London Film Festivities: Good Stuff opinion

Today! IT started today. The 56th London Film Festival, that is. It’s a tad lacking this year – underwhelming big films and apparently (relatively) sparse exciting indies – but there’s always hidden fun amongst the plenty of remaining jollies and, to keep it all positive and nice and smiley and lovely on this fine day, here’s a look at some of the smaller (read “low budget”, “indie”, “foreign” or “star-lacking”) fresh nuggets. Three particular favourites, “recommendations”, some might call them, are The Hunt, Sister, and Wadjda.

The Hunt

General overheard mutterings in the dark hallways of the pre-event press screenings suggest that I’m not the only one to regard The Hunt as one of the best films at the festival.
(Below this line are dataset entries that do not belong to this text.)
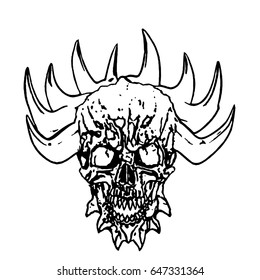 Apocalyptic demon skull with horns. Vector illustration white background.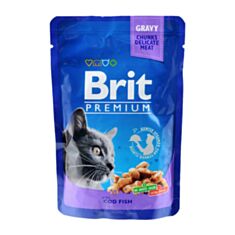 Корм для котів Brit Premium консервований з тріскою 100 г - фото
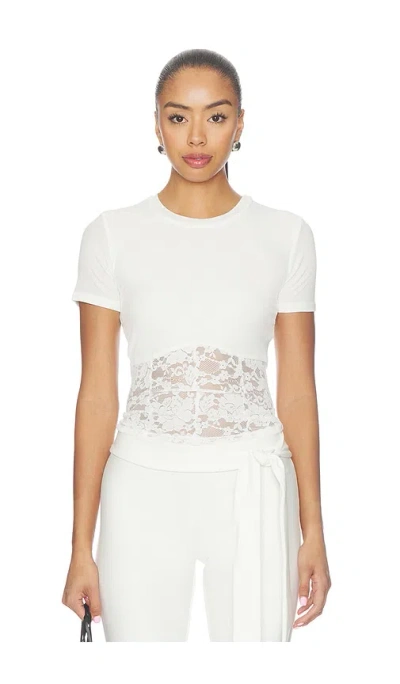 Michael Lauren Ember Rib Lace Shortsleeve Tee In White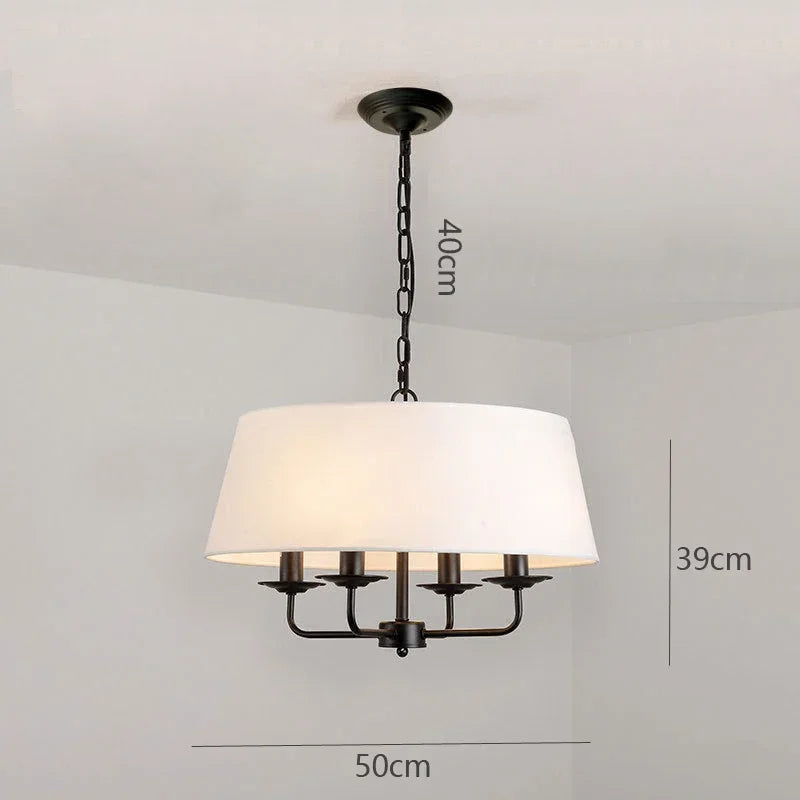 Sukori Vintage Cloth Pendant Light – 4-Bulb Iron Chain Hanging Lamp with E14 LED and Adjustable Height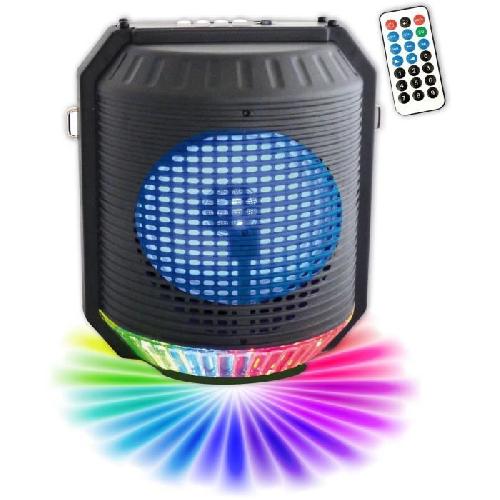 Enceinte - Haut-parleur Nomade - Portable - Mobile - Bluetooth INOVALLEY HP74BTH - Enceinte lumineuse karaoké Bluetooth 20W - Lumiere LED multicolore - Port USB. Radio FM. Entrée micro. Aux-In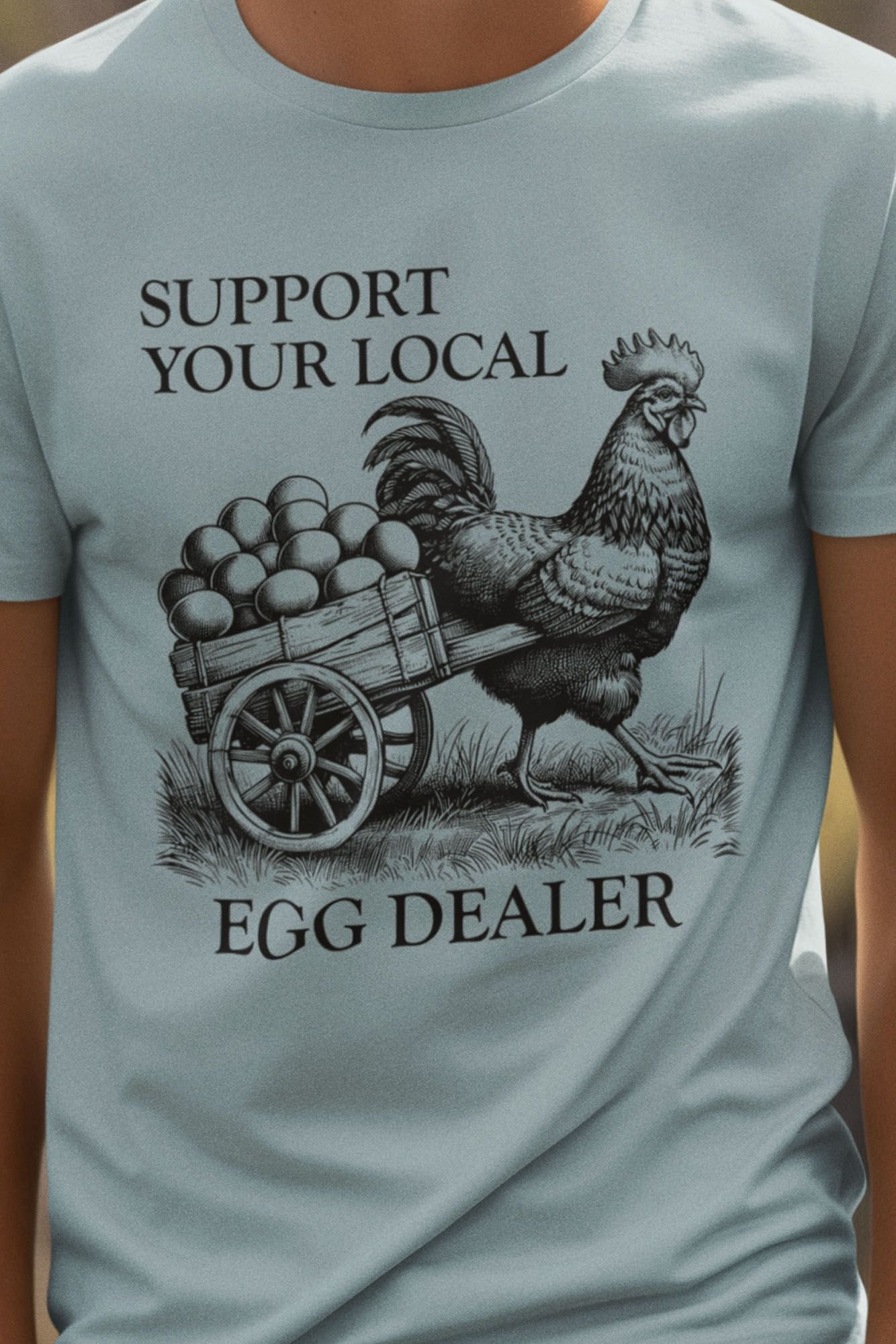 Bad Zebedee Bad Zebedee Men's Support Your Local Egg Dealer Chicken T-Shirt in Light Blue - 2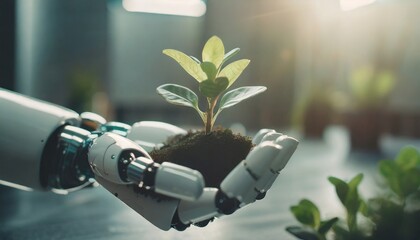 Environmental technology concept. Robot hand holding small plants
Thomas Vinterberg’s latest sees Mads Mikkelsen playing a teacher accused of kiddy fiddling. If you can buy the community’s swift and universal assumption of his guilt, the film builds superbly and convincingly draws the viewer into an increasingly desperate, fragile world with gut-wrenching sympathy.

Sister

A story about a little boy-man tyke thieving in the ski resorts of the Swiss Alps whilst barely maintaining a difficult relationship with his titular “Sister” proves to be a delightful surprise. Wonderful white backdrops canvas superb performances from the two leads, 13-year old Kacey Mottet Klein (even his name’s “small”!) being especially impressive, reminiscent of the lead performance in The Kid With a Bike, a highlight from last year’s festival. How is such believable acting possible by one so young and inexperienced? Great admiration.

Wadjda

And another how-do-these-kids-do-it moment, Saudi Arabian film Wadjda follows a headstrong, resourceful schoolgirl living in a strict society she respects but rebels against. Characters are rich and interesting and give some insight into a culture rarely seen up on the big screen. It’s hard not to pass judgement on the issue of extreme sexual bias arising from religious doctrine but is it arrogant to do so? Wadjda lets you decide and it’s done in such a mature and technically proficient way that it’s hard to believe this is from a first-time director.

Aaaand…

Other small(ish)fry worthy of note are Bridesmaids-style indie romcom Celeste and Jesse Forever, bold Brit bits My Brother the Devil and Shell, cute French animation Ernest and Celestine, and touching, funny, man-obsessed (with Big Brother) drama Reality.

Far, far, FAR from being an exhaustive list, these are just some of the best on offer.